The tallest of the shapers we would host. He shaped with ease and finished quickly. Making a soft wing, swallow, a board he loved and knew. We chatted about all sorts of things. I enjoyed observing his planer techniques. Yet again discussing board building, not just shaping and the endless details involved.

No nonsense Al. Always safe and methodical as science would like. Don’t be misled, he is the funniest and freest spirit you could enjoy time with. I have and always treasure it. Another one of the boards being raffled for free to win. There are many approaches to shaping and ways to arrange and order stages. You can often see how someone is shown and then thereafter made it their own. Watching Al is a balanced way to glean.
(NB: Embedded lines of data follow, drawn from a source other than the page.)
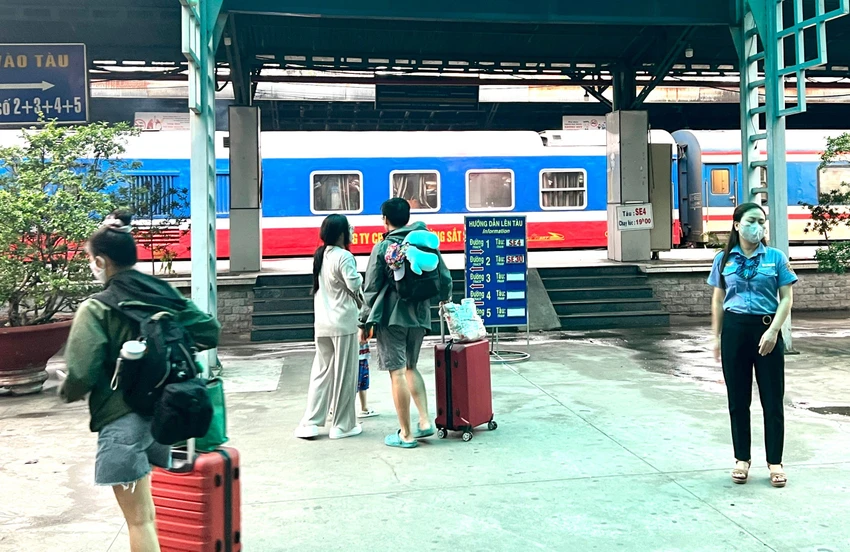 Còn khoảng 135.000 vè tàu tết Nguyên đán 2024.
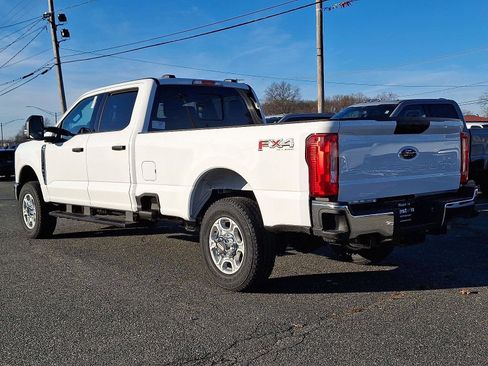 New 2026 Ford F250 XLT w/ FX4 Off-Road Package image 4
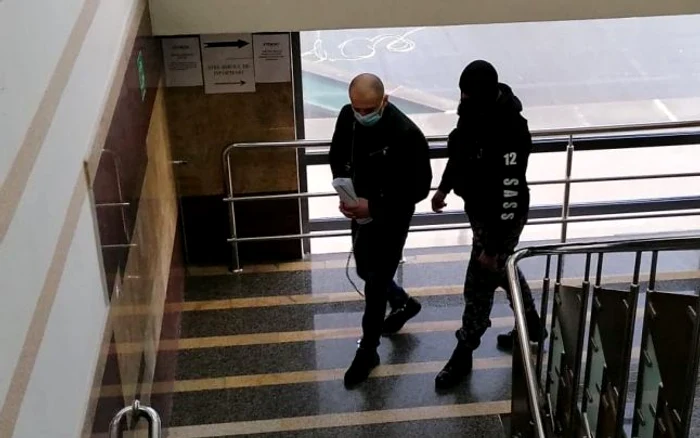 
    Gheorghe Creţu, adus în lanţuri la Tribunal de poliţiştii SAAS  Foto: adevarul.ro  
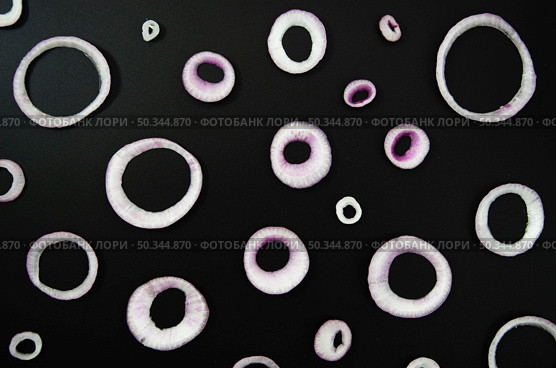 onion rings top view composition. Стоковое фото, агентство Ingram Publishing / Фотобанк Лори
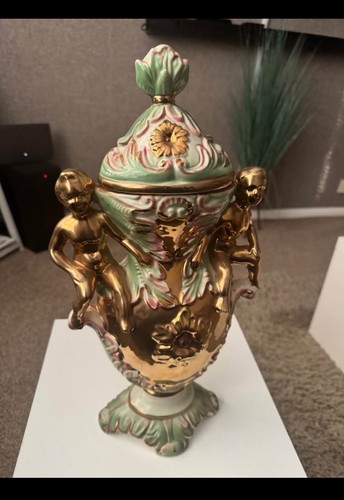 Vintage capodimonte style - vintage,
 Liam O’Brien, Pipeline. 2024. Photo: Max Colvin

If there is a seasoned craftsman I’ve observed most, it most likely would be Travis. A board builder and artist, family man and go-getter. To coin the phrase, this was a walk in the park for Travis.  The beach park that is. Eihukai beach park. He whipped out the most stunning little board, dropped some channels in and the coffee was yet cold. We kept stopping to look out to the waves as one does. We are at the beach. Can you believe it. None of us could.

A few lay days strung together kept Matty amped up waiting to get on the task. Full of ideas and loaded with gadgets galore. He shared and showed us all the ways he organized and operates. So eager to craft together, he prepared some shapes to collaborate on and discuss design ideas and concepts. It was really neat to see and study some finished boards he brought in and listen to what has been working and how things have developed.
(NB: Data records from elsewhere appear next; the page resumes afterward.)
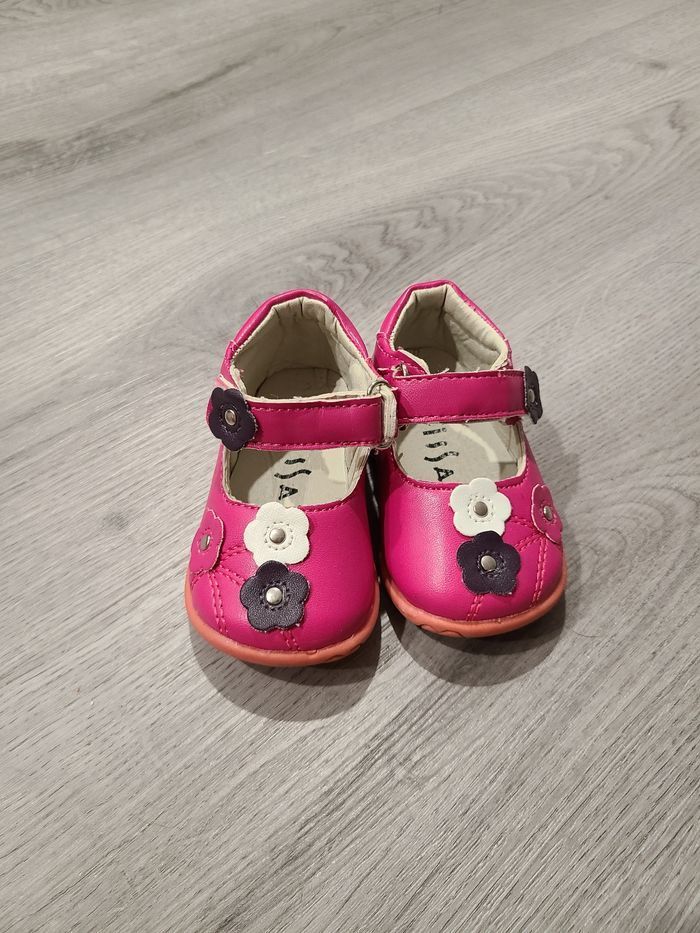 Chaussure 20 - photo numéro 5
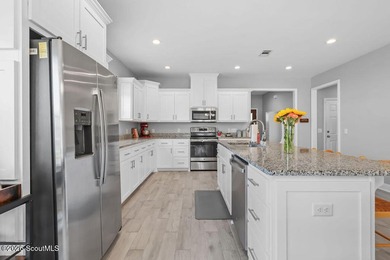 Welcome home! Built in 2021, this pristine residence perfectly - photo 9
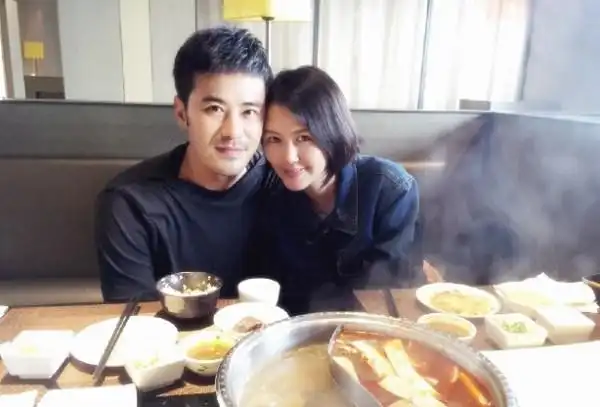 谭维维男友晒二人亲密合影 公开秀恩爱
I chose this opportunity to shape something that would round out the concept of the shaping space activation. An asymmetrical Pipe board for Keoni Watson. A conservative shape with straighter toe side overall and healthy amount of twist in the rocker.  

Part of sharing the craft with those looking on and tuning in was chance to win a couple of the boards being shaped in the Pipe Pro 2024 Shaping Space. Stoked folks await the announcement of these boards being given away.